What the task requires => Write out exactly the lines below that run from the one containing "Lane Bryant Womens" through the one containing "ABC / Snail", both included, with no other lines.

[Dataset excerpts — start]

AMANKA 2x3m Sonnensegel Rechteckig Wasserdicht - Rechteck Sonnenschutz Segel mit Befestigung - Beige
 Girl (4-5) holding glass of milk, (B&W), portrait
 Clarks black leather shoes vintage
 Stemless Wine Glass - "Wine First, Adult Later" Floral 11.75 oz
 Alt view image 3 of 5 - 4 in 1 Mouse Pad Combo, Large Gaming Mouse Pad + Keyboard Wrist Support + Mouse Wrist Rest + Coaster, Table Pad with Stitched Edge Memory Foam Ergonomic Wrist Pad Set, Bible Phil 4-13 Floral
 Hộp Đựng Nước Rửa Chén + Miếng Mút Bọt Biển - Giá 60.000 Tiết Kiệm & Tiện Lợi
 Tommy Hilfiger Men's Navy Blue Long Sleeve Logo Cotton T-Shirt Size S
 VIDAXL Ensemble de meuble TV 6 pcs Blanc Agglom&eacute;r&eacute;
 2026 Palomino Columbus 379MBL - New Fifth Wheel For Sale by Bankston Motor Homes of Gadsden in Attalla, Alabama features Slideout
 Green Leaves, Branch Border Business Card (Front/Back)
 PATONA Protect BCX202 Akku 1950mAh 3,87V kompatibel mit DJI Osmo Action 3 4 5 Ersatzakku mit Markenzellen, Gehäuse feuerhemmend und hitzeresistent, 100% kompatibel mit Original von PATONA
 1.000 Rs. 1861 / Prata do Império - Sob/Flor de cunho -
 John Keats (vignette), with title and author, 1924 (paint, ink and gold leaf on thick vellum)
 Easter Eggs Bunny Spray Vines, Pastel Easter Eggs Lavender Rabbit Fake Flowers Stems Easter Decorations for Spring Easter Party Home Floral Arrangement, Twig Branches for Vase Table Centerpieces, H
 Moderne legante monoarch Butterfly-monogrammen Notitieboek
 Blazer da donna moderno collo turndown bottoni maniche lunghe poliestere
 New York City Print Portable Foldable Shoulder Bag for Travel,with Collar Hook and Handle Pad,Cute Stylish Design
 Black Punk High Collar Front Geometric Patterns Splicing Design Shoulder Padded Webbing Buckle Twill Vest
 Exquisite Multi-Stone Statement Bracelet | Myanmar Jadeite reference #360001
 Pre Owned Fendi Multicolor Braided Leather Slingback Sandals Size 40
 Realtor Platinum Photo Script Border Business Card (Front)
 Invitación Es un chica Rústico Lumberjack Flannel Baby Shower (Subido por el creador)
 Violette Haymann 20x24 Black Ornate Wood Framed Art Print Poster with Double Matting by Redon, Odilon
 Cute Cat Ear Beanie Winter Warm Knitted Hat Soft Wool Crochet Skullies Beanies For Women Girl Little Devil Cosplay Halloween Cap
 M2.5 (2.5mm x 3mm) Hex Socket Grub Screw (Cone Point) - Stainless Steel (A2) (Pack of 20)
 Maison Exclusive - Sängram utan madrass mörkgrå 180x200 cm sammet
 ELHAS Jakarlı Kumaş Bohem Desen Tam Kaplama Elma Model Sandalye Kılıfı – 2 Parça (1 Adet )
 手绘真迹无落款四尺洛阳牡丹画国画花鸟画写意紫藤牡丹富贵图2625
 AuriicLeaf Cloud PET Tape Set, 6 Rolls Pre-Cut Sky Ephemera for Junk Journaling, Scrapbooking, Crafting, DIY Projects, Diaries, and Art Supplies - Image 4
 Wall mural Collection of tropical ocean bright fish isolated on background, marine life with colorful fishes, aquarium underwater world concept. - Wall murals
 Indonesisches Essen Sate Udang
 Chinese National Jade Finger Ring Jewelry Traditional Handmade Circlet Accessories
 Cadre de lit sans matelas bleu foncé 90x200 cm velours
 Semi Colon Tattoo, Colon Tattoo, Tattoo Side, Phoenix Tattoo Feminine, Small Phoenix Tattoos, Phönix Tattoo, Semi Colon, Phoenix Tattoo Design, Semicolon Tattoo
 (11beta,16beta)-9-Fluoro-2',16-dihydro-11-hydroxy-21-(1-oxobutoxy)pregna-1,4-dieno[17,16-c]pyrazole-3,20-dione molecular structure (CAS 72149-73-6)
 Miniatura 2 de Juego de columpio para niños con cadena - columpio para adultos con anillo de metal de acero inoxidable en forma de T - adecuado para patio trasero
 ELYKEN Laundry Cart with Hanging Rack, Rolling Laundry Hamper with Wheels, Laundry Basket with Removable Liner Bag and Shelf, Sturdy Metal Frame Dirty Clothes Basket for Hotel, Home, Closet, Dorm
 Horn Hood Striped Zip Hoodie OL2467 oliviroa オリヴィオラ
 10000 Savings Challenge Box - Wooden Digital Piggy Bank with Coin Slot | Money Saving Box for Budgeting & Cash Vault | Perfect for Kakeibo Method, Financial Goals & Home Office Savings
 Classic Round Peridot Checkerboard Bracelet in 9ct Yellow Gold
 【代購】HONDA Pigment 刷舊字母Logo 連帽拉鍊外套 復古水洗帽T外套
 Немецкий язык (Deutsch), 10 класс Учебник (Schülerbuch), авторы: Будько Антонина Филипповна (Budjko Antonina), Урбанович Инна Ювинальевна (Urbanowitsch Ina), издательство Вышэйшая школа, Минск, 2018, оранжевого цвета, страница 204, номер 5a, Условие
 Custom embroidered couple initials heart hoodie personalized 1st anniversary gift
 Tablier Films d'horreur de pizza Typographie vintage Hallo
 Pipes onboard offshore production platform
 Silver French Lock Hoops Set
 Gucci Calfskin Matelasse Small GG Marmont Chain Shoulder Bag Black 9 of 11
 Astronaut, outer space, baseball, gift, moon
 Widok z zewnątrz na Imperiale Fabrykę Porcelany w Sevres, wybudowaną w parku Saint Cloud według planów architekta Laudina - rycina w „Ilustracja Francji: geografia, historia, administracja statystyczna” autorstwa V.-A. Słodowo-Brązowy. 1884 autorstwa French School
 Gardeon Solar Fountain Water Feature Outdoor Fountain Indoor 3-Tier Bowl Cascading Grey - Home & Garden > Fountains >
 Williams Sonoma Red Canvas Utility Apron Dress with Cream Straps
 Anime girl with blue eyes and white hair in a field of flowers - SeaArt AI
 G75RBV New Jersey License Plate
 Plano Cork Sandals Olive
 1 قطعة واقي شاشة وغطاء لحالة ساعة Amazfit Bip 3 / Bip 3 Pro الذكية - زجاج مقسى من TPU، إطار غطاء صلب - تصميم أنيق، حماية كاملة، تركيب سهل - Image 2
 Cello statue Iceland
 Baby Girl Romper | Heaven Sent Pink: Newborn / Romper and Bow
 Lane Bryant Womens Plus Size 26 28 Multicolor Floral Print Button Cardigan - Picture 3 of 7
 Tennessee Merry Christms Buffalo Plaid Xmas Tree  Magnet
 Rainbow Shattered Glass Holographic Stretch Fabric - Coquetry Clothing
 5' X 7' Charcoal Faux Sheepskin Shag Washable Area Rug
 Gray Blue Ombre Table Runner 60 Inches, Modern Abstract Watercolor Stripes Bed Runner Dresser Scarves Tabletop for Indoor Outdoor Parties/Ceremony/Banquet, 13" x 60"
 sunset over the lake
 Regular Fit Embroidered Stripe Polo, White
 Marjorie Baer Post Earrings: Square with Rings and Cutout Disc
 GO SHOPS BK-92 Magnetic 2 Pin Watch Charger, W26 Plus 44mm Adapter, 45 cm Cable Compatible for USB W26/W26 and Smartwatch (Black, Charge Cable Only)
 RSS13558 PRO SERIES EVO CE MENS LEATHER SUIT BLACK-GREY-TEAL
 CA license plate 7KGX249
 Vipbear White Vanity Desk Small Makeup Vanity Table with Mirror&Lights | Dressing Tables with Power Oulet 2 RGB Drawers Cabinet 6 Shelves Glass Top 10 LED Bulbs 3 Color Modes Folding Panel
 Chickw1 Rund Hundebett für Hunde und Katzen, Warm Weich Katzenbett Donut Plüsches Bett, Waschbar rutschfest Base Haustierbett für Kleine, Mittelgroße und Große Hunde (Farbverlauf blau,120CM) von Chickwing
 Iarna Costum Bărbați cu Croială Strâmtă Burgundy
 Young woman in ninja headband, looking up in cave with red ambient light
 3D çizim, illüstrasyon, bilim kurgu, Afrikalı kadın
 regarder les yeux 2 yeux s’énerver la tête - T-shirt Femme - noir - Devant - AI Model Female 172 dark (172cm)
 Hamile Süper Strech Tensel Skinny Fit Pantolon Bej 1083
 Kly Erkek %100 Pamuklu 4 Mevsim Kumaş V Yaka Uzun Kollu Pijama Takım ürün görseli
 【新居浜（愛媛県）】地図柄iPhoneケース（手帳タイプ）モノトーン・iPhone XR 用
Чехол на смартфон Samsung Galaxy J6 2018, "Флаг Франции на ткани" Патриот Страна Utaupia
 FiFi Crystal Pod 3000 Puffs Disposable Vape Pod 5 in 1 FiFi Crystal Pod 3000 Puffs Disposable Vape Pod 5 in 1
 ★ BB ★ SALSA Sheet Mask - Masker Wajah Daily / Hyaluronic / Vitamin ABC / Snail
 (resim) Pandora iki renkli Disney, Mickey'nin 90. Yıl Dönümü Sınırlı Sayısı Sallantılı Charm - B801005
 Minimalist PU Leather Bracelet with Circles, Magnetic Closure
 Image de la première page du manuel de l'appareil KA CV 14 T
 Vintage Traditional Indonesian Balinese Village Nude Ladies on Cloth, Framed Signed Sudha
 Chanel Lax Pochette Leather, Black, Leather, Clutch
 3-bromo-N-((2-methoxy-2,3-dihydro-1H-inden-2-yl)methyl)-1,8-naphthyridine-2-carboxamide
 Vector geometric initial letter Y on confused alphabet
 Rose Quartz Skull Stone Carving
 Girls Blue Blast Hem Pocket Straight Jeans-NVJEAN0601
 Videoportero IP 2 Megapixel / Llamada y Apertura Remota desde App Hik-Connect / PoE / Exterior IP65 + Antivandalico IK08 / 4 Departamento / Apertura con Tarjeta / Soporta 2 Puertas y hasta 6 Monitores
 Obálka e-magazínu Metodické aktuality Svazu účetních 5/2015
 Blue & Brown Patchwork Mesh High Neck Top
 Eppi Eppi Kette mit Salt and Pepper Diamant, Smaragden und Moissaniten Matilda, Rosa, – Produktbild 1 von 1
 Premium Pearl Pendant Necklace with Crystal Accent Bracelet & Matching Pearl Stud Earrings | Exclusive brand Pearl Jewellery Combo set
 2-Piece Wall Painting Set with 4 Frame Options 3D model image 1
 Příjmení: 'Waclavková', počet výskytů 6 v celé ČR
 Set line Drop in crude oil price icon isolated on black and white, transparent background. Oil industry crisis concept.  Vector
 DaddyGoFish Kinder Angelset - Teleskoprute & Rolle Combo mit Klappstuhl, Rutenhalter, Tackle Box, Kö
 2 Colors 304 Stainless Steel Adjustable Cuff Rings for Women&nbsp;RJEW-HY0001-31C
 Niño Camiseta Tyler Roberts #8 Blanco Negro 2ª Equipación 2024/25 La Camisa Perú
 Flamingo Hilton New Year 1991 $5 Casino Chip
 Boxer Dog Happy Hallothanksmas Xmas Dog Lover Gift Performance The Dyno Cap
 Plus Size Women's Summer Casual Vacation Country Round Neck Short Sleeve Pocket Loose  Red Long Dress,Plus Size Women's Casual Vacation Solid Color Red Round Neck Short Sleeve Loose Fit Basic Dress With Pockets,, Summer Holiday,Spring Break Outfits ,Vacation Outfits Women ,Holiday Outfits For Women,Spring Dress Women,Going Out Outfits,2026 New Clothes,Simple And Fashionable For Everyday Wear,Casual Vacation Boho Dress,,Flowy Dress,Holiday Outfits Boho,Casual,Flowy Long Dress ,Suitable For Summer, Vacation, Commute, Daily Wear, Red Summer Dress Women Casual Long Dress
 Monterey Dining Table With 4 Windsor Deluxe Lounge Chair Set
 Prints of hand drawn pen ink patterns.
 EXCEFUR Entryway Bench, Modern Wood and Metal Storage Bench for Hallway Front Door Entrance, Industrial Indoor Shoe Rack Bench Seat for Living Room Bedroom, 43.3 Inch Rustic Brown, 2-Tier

[Dataset excerpts — finish]

Exercise answer =>
 Lane Bryant Womens Plus Size 26 28 Multicolor Floral Print Button Cardigan - Picture 3 of 7
 Tennessee Merry Christms Buffalo Plaid Xmas Tree  Magnet
 Rainbow Shattered Glass Holographic Stretch Fabric - Coquetry Clothing
 5' X 7' Charcoal Faux Sheepskin Shag Washable Area Rug
 Gray Blue Ombre Table Runner 60 Inches, Modern Abstract Watercolor Stripes Bed Runner Dresser Scarves Tabletop for Indoor Outdoor Parties/Ceremony/Banquet, 13" x 60"
 sunset over the lake
 Regular Fit Embroidered Stripe Polo, White
 Marjorie Baer Post Earrings: Square with Rings and Cutout Disc
 GO SHOPS BK-92 Magnetic 2 Pin Watch Charger, W26 Plus 44mm Adapter, 45 cm Cable Compatible for USB W26/W26 and Smartwatch (Black, Charge Cable Only)
 RSS13558 PRO SERIES EVO CE MENS LEATHER SUIT BLACK-GREY-TEAL
 CA license plate 7KGX249
 Vipbear White Vanity Desk Small Makeup Vanity Table with Mirror&Lights | Dressing Tables with Power Oulet 2 RGB Drawers Cabinet 6 Shelves Glass Top 10 LED Bulbs 3 Color Modes Folding Panel
 Chickw1 Rund Hundebett für Hunde und Katzen, Warm Weich Katzenbett Donut Plüsches Bett, Waschbar rutschfest Base Haustierbett für Kleine, Mittelgroße und Große Hunde (Farbverlauf blau,120CM) von Chickwing
 Iarna Costum Bărbați cu Croială Strâmtă Burgundy
 Young woman in ninja headband, looking up in cave with red ambient light
 3D çizim, illüstrasyon, bilim kurgu, Afrikalı kadın
 regarder les yeux 2 yeux s’énerver la tête - T-shirt Femme - noir - Devant - AI Model Female 172 dark (172cm)
 Hamile Süper Strech Tensel Skinny Fit Pantolon Bej 1083
 Kly Erkek %100 Pamuklu 4 Mevsim Kumaş V Yaka Uzun Kollu Pijama Takım ürün görseli
 【新居浜（愛媛県）】地図柄iPhoneケース（手帳タイプ）モノトーン・iPhone XR 用
Чехол на смартфон Samsung Galaxy J6 2018, "Флаг Франции на ткани" Патриот Страна Utaupia
 FiFi Crystal Pod 3000 Puffs Disposable Vape Pod 5 in 1 FiFi Crystal Pod 3000 Puffs Disposable Vape Pod 5 in 1
 ★ BB ★ SALSA Sheet Mask - Masker Wajah Daily / Hyaluronic / Vitamin ABC / Snail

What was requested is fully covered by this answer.